Tuesday, January 12, 2016

Yeah, but what's in it?

My beautiful babies are pickytarians. Aside from peanut butter sandwiches, apples, cereal bars (must be from a package), pasta with sprinkle cheese (parmesan) and carrots (these just to get dessert), and a sprinkling of choices from the dried fruit and nut categories, they turn their noses up at most things. Rice?! How can you not like plain rice?! With a pat of butter sliding across the top, just beginning to melt into the plump little granules?!

Now, as babies, many interesting textures and tastes crossed their burgeoning palates. They ate tofu, peas, oranges to the point we were buying those giant Costco bags once a week, pickles and calamari ceviche, tentacles and all.

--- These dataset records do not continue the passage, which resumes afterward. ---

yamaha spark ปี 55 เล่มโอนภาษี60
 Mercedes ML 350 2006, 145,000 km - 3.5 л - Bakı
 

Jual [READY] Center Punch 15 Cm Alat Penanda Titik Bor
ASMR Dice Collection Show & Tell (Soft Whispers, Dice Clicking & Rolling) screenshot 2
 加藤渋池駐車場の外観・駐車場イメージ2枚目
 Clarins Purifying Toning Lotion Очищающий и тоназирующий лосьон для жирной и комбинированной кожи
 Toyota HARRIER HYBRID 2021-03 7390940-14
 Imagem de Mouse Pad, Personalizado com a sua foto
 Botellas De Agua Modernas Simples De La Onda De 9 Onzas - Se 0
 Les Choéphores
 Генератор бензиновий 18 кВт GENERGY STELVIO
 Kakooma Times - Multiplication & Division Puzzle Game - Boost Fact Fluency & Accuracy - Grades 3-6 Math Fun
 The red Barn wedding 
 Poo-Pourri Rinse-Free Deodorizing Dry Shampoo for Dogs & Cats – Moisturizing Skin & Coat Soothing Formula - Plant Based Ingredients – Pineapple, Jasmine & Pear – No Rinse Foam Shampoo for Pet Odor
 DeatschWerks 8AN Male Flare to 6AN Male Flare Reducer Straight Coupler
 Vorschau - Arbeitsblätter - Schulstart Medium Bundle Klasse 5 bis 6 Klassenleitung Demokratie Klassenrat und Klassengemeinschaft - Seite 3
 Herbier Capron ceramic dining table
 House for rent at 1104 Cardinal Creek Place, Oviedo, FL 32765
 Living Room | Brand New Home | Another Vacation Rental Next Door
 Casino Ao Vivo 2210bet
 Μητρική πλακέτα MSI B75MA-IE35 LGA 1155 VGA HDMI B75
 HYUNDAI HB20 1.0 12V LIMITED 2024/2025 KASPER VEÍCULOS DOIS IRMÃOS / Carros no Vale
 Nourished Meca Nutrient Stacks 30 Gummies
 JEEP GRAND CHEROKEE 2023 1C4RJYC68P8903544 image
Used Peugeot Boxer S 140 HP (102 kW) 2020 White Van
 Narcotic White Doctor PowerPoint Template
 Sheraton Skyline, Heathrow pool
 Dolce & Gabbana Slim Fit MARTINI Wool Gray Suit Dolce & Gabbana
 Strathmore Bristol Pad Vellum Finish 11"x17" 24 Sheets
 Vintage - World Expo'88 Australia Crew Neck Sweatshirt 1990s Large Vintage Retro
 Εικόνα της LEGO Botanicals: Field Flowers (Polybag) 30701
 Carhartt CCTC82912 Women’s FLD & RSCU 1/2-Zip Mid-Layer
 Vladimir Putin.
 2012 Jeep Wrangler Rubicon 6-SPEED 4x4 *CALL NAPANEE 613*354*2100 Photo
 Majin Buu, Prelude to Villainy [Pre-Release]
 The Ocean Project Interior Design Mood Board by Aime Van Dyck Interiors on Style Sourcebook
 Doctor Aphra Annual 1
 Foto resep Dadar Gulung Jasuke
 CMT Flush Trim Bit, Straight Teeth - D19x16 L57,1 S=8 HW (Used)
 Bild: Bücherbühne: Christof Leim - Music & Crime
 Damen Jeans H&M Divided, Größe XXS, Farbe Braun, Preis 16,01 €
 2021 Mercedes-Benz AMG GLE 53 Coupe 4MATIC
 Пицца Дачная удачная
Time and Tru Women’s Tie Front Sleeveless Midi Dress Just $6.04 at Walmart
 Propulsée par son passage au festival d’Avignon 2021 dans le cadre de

I figured I could get a healthy, homemade cereal bar into them over the years. Nope. Too gooey, too hard, not the right shape. Ugh.

But, I may have found something in this new cookbook I'm plowing through, testing recipes for the first Clark County Cookbook Club. The Smitten Kitchen has so far pulled off a few tasty treats my kids will eat, including these almond and date breakfast bars. They like dates, they like almonds, so I gave it a whirl in my KitchenAid. I switched the almond butter in half the batch to peanut butter to please one twin. They still asked what's in it, and peered at it from all sides before taking the teensiest of bites, but they ate the whole square. Thank goodness they cut into nice little squares or they may have been rejected before the first crumb hit their mouths! Ugh! Just eat!


Sunday, January 10, 2016

Ktichen Sink Calzone Saves Saturday Night Pie Night

In preparing for the first ever Clark County Cookbook Club, I've been loading up on tips and tricks from the "Smitten Kitchen." 

After spending two hours at "Disney's Frozen on Ice," and 90 minutes in Saturday night Strip traffic, I wasn't feeling like a princess pizza or salad, which is what we'd planned.  But then I had an inspired moment!



I've been reading Deb Perelman's latest cookbook (yes, people do that, read cookbooks for their flavorful content, and her's is stuffed with humorous anecdotes). She has a tips and trick section that is actually quite good, even for someone with years of amateur cooking experience under their belt.

Standing in front of the fridge, hand on hip, taste buds bored, I spotted a tub of ricotta in the back. I'd bought it on sale for 3/4 the regular price and put a few in the freezer. This poor guy was meant to be used around New Year's, but was pushed to the back due to a Pinterest baking binge.

I pulled all the usual suspects for pizza making from each bin and corner of the fridge - pepperoni, leftover canned mushrooms, the last leaves of spinach from the Costco crate I like to buy and a few other things. 
Not pictured, a gorgeous, thick sauce perfect for dipping. We always have a cup of sauce left over, which we save until it begs us to throw it away. Loved that I used so many orphaned ingredients for our Kitchen Sink Calzone. And now I can see the back of my fridge!


Turned out great, even with a wheat crust dough that I wobbled on about the bake temp. I didn't add an egg, but did put a swipe of garlic infused olive oil over the top with a dusting of Parmesan while it was cooking. Took only a few minutes and we can stuff it with anything. It's our Kitchen Sink Calzone.

Saturday, January 2, 2016

Pinterest Win! And a New Year's Surprise

New Year's Eve, the hubby decides he doesn't want paella, or lobster mac and cheese, but this Pinterest post pie:



So I'll be trying a new recipe on New Year's Eve? Ok. Challenge accepted.

Worried it would be dry. Worried it would take hours to put all those little rigatonis in the springform pan I hoped I could dig out from my new organization system that is just as bad as last year's new organization system. What I didn't worry about, and should have, was that we'd have unexpected company coming to stay the night, with fur friends in tow!

No worries, I love to feed people, but now the pressure was on!

Got off to a good start by remembering that I was boiling pasta and put down the vacuum just in time to take the tiny tubes off the stove and plunge into cold water. Putting them in neat little rows was kind of enjoyable, and only took a few minutes. Until my newly-minted 6-year-old decided she was so grown up now that she needed to help. Adult prep time = 3 minutes. Child prep time = 5 minutes plus breaks to discuss different pasta shapes and how they look like logs.

Simmered the sauce for hours and poured it on after the ricotta and egg mixture. Tip: shake that ricotta into the pan like you're mad your lovely husband invited friends to stay the night New Year's Eve, and then took a nap.
The cheese floated down into each tiny tube. The lovely little suckers stood up like good little soldiers and soaked up all the moisture from the sauce to turn out perfectly tender.
Sauce on the side is a big thing in our family, and it worked out really well. This was one of our best New Year's Eves ever,  a fantastic time with friends we hadn't seen in years, and we got a clean house out of it to boot!

Happy New Year! May your year be as lovely as you wish and better than expected!